Records excerpted from a collection:
Start of Block
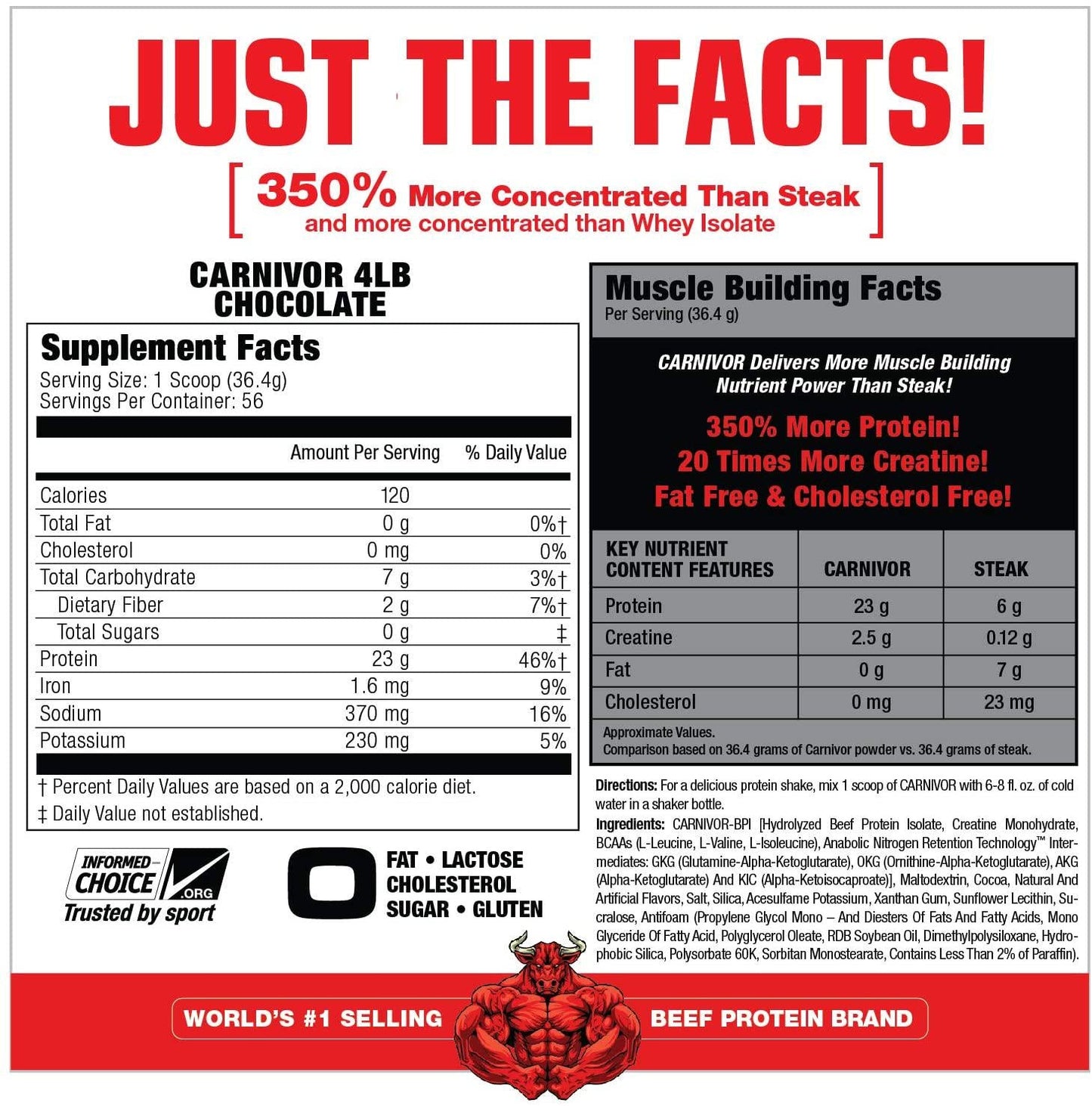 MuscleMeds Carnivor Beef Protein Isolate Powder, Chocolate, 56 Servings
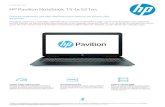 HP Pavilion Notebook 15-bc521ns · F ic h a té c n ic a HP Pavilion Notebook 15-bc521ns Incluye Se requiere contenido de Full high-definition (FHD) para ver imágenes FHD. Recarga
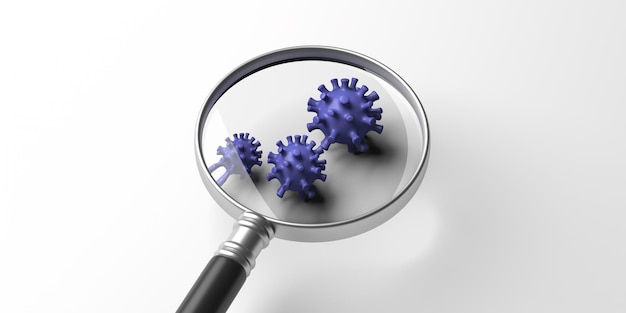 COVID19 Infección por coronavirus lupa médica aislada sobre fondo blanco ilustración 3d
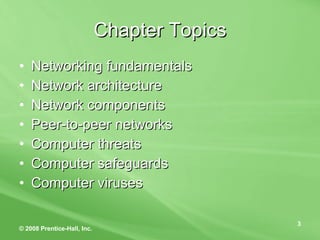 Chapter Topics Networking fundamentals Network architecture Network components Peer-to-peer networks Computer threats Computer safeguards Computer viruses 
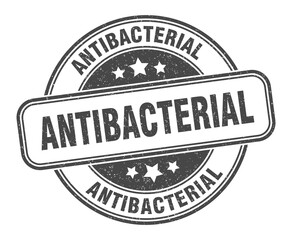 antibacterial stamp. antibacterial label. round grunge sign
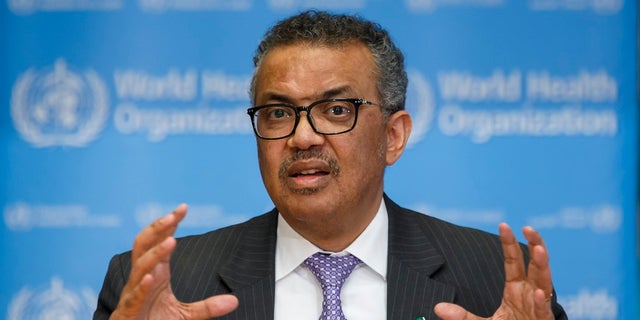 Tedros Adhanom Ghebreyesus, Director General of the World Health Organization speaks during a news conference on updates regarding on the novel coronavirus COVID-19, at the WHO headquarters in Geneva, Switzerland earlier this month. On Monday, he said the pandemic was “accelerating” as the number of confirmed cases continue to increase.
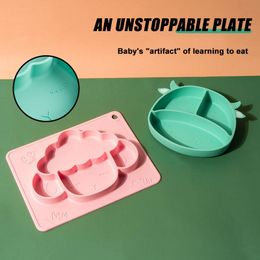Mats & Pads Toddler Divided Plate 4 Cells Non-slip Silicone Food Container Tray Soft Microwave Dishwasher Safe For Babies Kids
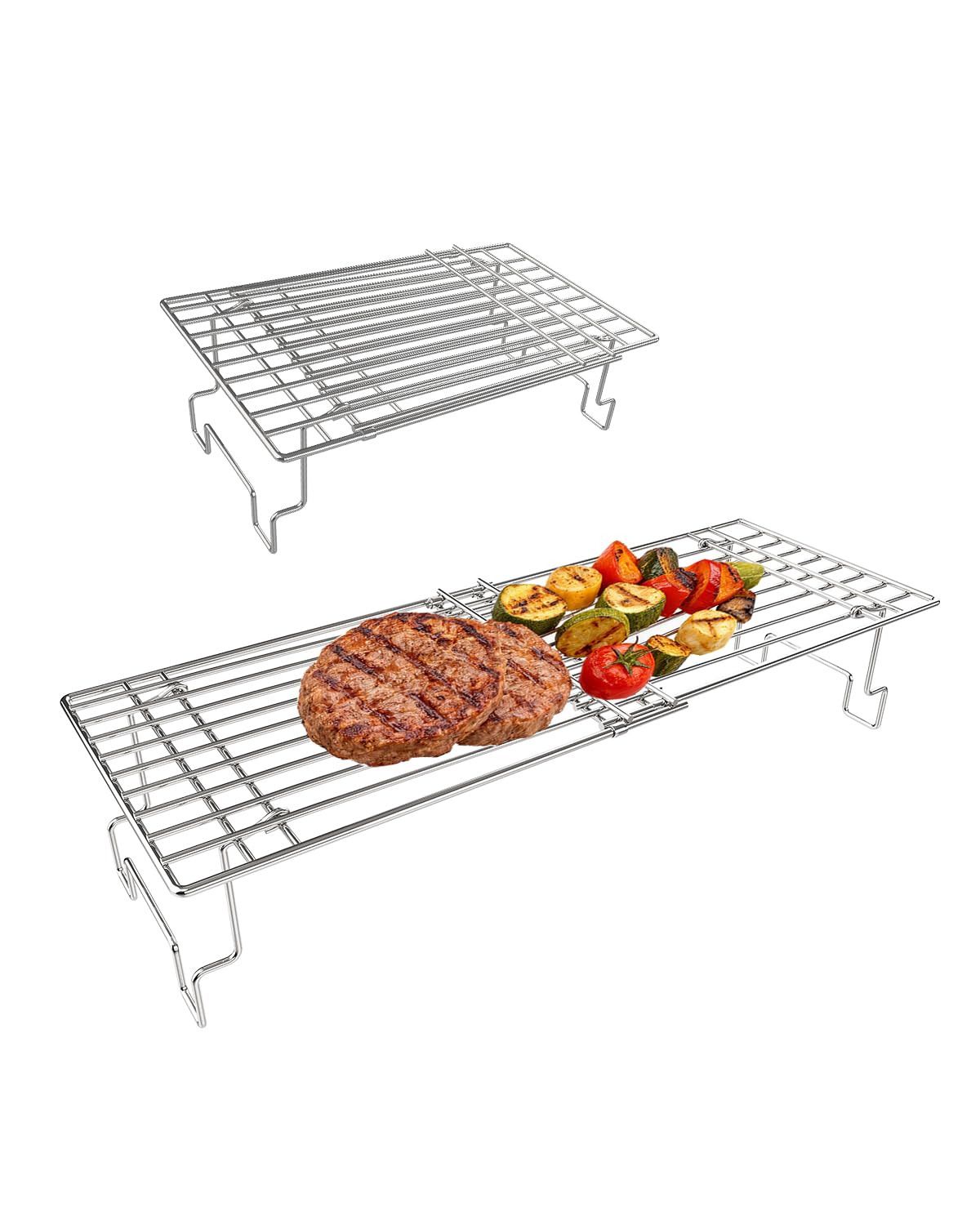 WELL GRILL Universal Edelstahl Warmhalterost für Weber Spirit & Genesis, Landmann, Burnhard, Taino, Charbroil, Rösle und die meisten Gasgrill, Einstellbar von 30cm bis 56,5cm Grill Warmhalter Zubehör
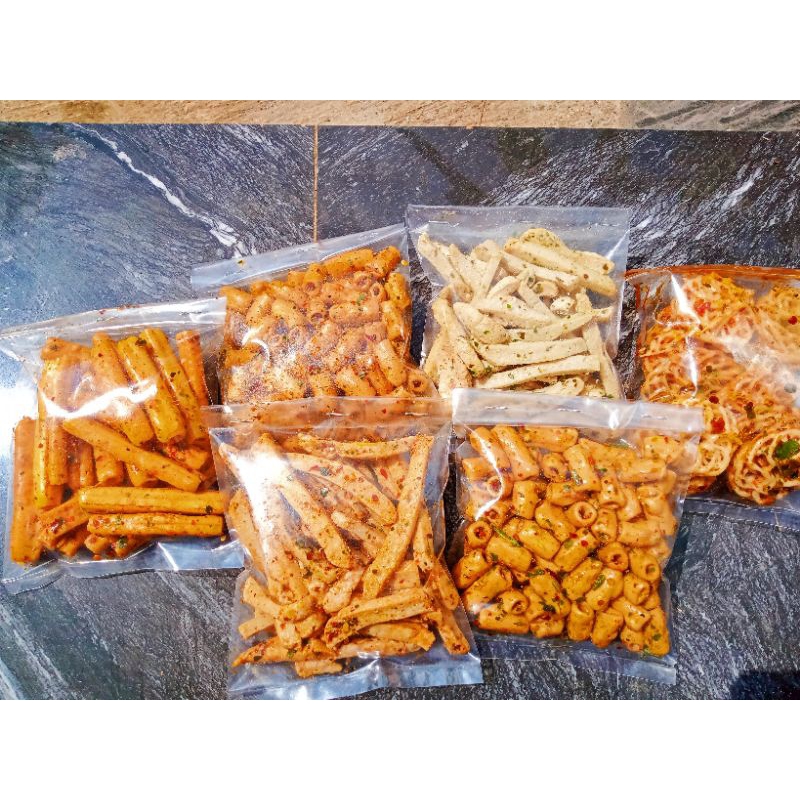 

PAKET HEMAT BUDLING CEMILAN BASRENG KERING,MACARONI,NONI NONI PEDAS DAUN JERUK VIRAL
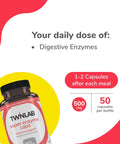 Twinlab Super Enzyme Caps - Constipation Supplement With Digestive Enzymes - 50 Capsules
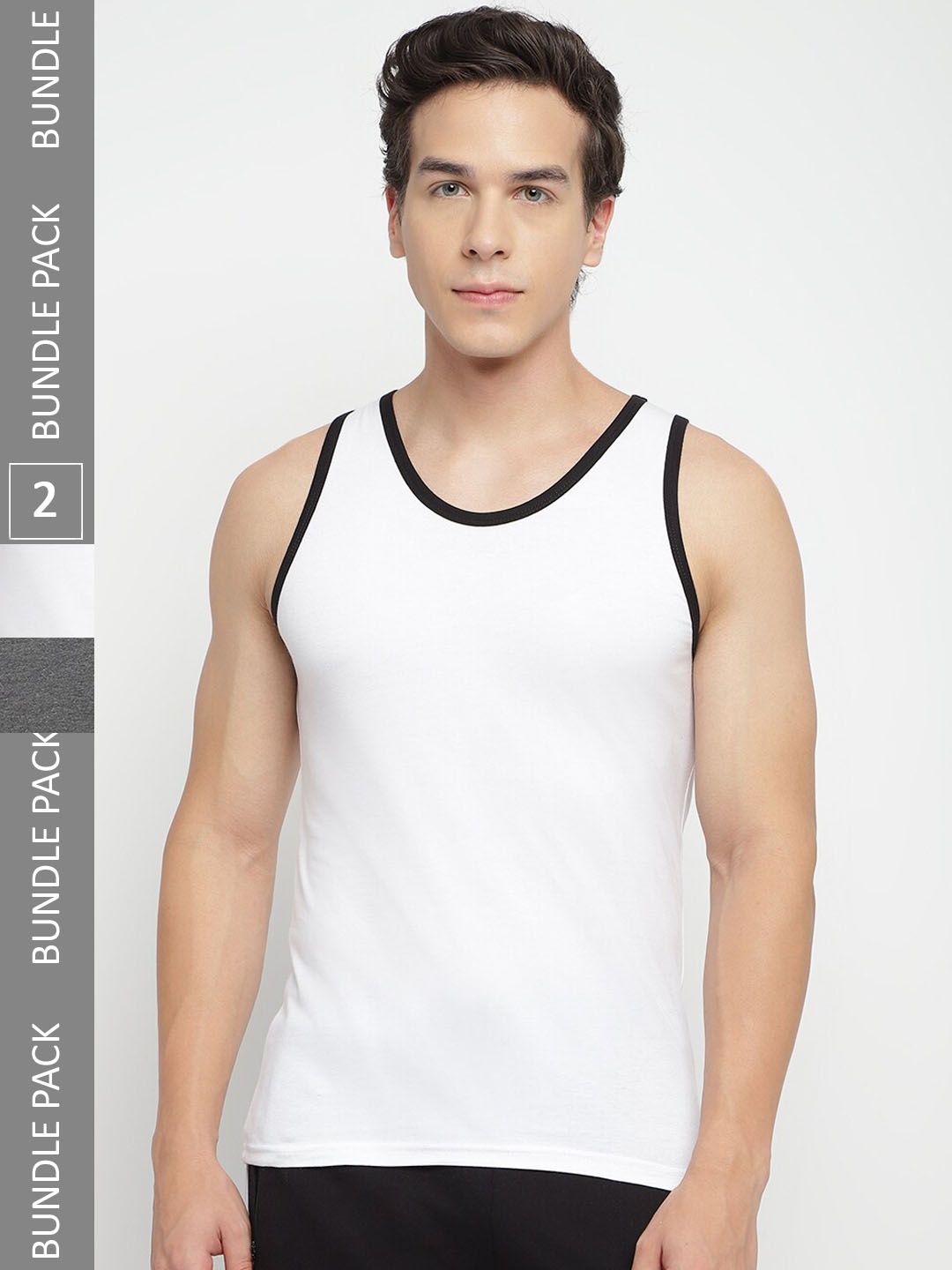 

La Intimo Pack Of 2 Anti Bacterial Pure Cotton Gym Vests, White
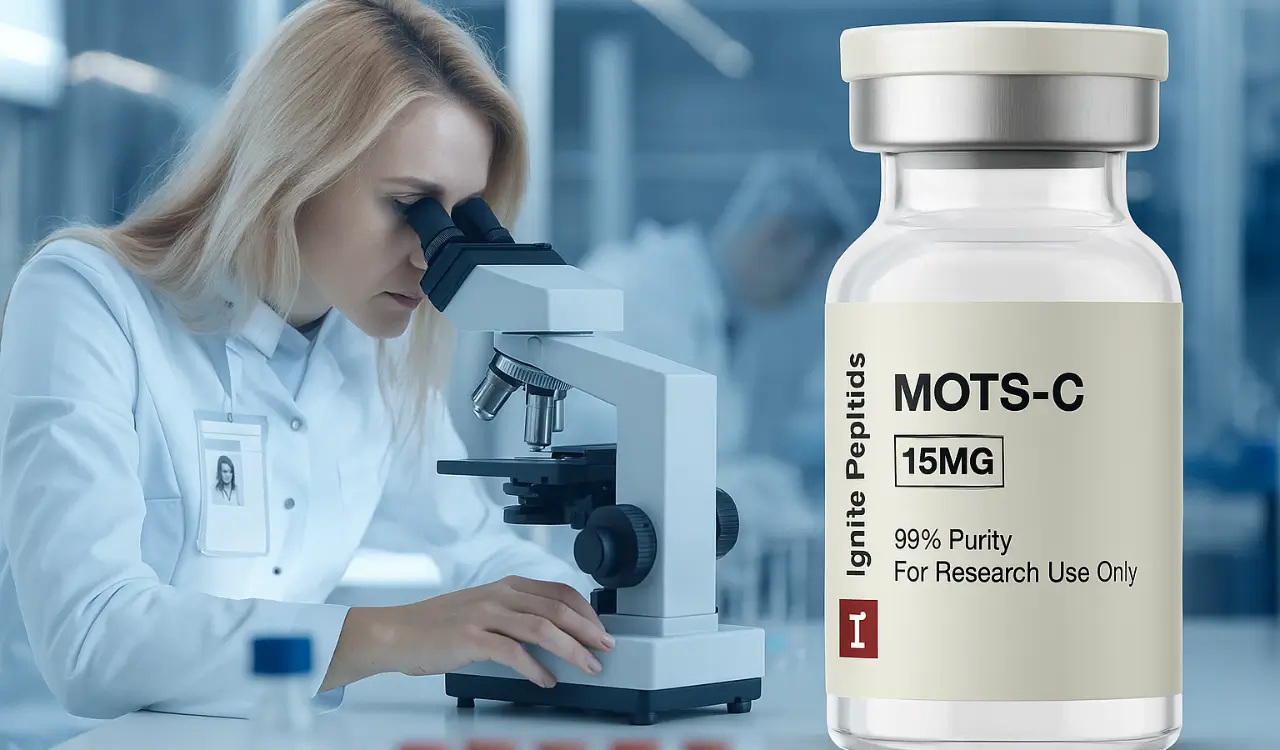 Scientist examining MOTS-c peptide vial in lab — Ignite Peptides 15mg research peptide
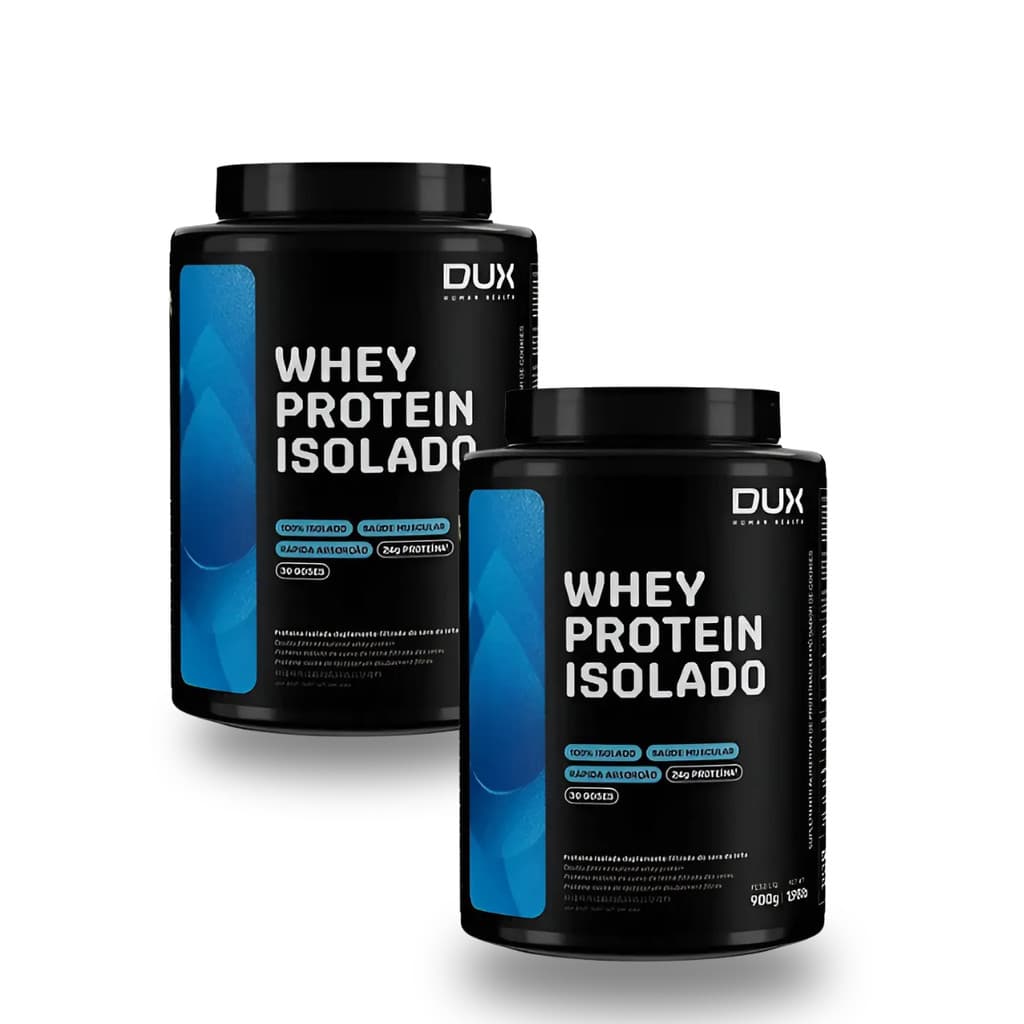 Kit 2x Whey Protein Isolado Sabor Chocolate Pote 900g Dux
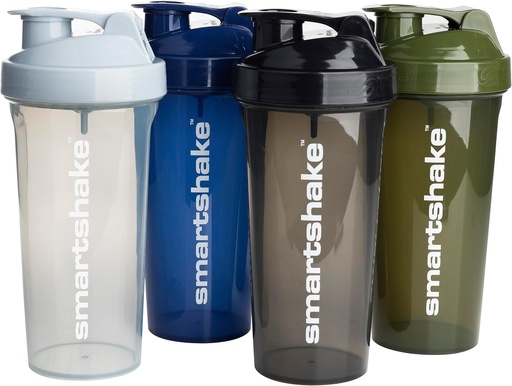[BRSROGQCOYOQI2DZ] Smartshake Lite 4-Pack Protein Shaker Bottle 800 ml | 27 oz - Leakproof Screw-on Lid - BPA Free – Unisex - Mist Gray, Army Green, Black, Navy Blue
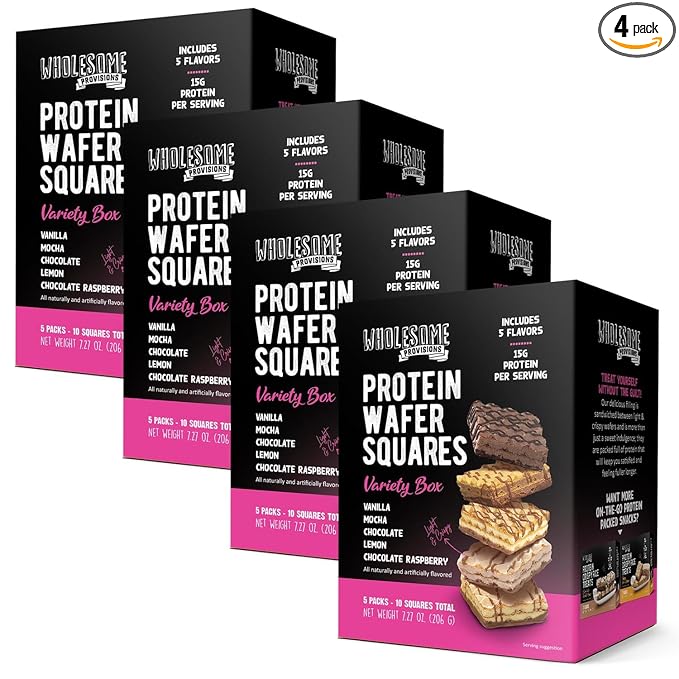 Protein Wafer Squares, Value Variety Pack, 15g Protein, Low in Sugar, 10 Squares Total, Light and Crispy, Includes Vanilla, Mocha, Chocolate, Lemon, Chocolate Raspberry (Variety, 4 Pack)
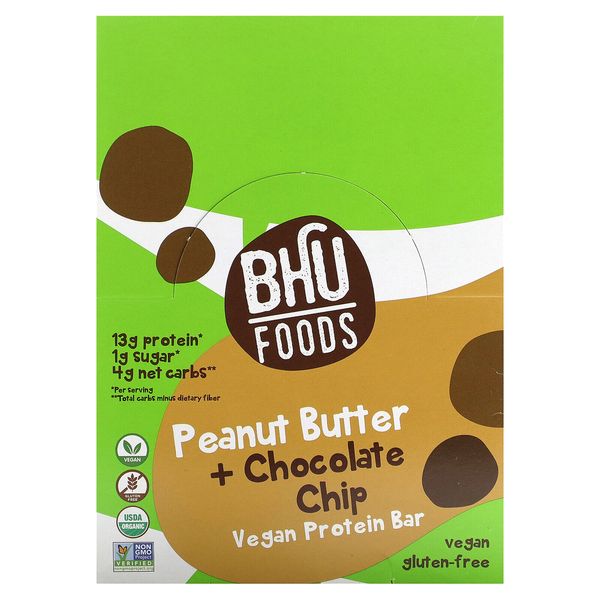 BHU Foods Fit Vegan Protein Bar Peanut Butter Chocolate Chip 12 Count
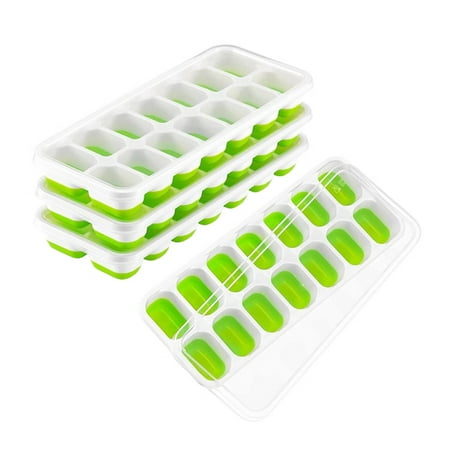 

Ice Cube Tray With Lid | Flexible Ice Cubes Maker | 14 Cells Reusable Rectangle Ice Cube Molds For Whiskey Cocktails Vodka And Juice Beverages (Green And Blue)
End of Block
[WHAT YOU HAVE TO DO]
In the records above, find the line with "antibacterial stamp. antibacterial" and the line with "Protein Wafer Squares, Value", then restate word for word only those two lines and all lines between, omitting pictures.

[RESULT OF THE TASK]
 antibacterial stamp. antibacterial label. round grunge sign
 Tedros Adhanom Ghebreyesus, Director General of the World Health Organization speaks during a news conference on updates regarding on the novel coronavirus COVID-19, at the WHO headquarters in Geneva, Switzerland earlier this month. On Monday, he said the pandemic was “accelerating” as the number of confirmed cases continue to increase.
Mats & Pads Toddler Divided Plate 4 Cells Non-slip Silicone Food Container Tray Soft Microwave Dishwasher Safe For Babies Kids
 WELL GRILL Universal Edelstahl Warmhalterost für Weber Spirit & Genesis, Landmann, Burnhard, Taino, Charbroil, Rösle und die meisten Gasgrill, Einstellbar von 30cm bis 56,5cm Grill Warmhalter Zubehör

PAKET HEMAT BUDLING CEMILAN BASRENG KERING,MACARONI,NONI NONI PEDAS DAUN JERUK VIRAL
 Twinlab Super Enzyme Caps - Constipation Supplement With Digestive Enzymes - 50 Capsules

La Intimo Pack Of 2 Anti Bacterial Pure Cotton Gym Vests, White
 Scientist examining MOTS-c peptide vial in lab — Ignite Peptides 15mg research peptide
 Kit 2x Whey Protein Isolado Sabor Chocolate Pote 900g Dux
[BRSROGQCOYOQI2DZ] Smartshake Lite 4-Pack Protein Shaker Bottle 800 ml | 27 oz - Leakproof Screw-on Lid - BPA Free – Unisex - Mist Gray, Army Green, Black, Navy Blue
 Protein Wafer Squares, Value Variety Pack, 15g Protein, Low in Sugar, 10 Squares Total, Light and Crispy, Includes Vanilla, Mocha, Chocolate, Lemon, Chocolate Raspberry (Variety, 4 Pack)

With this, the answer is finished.